A static library contains object files and can be passed to the linker along with other object files and/or archives.

A linker pulls out object files from an archive only if it is needed to resolve undefined symbols. In other words, object files in an archive are not linked by default and used as a complement to supply missing definitions. This is ideal for a library because you don't want to link library functions unless you are actually using them.

Contrary to archive files, object files directly given to a linker are always linked to the output.

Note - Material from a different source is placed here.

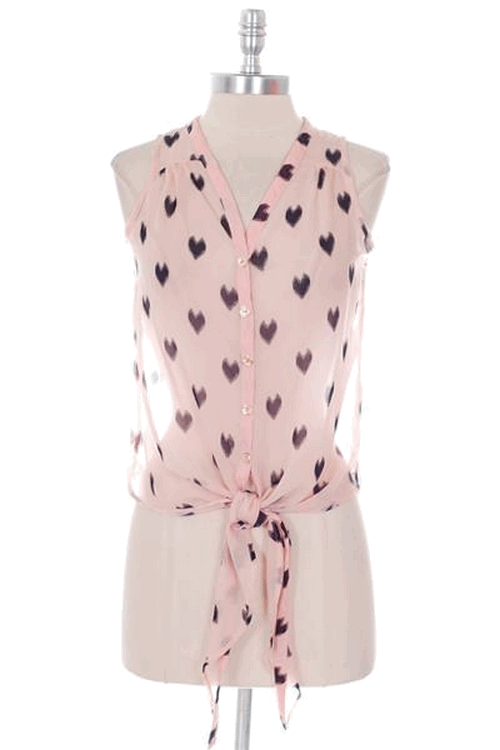 Heart Print Tie Up Bottom Blouse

To maximize the benefit of archive files, a library often used as a static library is broken down to small files to separate each function individually (for example, look at https://git.musl-libc.org/cgit/musl/tree/src/stdio). By doing this, you import only used functions.

A static file is created by ar, whose command line arguments are similar to tar. A static library contains the symbol table which offers a quick way to look up an object file for a defined symbol, but mold does not use the static library's symbol table. mold doesdn't need a symbol table to exist in an archive, and if exists, mold just ignores it.

See also: DSO (dynamic library)

Symbol

A symbol is a label assigned to a specific location in an input file or an output file. For example, if you define function foo and compile it, the resulting object file contains a symbol foo pointing to the beginning of the machine code for foo.

Usually, a symbol name is a function or a variable name. If an object is anonymous (such the one for a string literal), a compiler generated a unique symbol, which often starts with . to avoid conflict with user-defined symbols.

For C++, symbol name is a complex "mangled" name. We need to mangle identifiers because a simple name such as foo cannot be uniquely identify a function or a data in C++, because for example foo may be in a namespace or defined as a static member in some class. If foo is an overloaded function, we need to distinguish different foos by its type. Therefore, C++ compiler mangles an identifier by appending nmaepsace names, type information and such so that different things get different names.

For example, a function int foo(int) in a namespace bar is mangled as _ZN3bar3fooEi.

A symbol can be either defined or undefined. A defined symbol points to some location in a file which may contain the function's machine code or the variable's initial value. An undefined symbol does not point to anywhere. It needs to be merged with a defined symbol with the same name at link-time. This merging process is called "name resolution".

For example, if your program is using printf, it usually contains printf as an undefined symbol. You need to link it with libc.a or libc.so, which contain a defined symbol of printf, to make a complete program.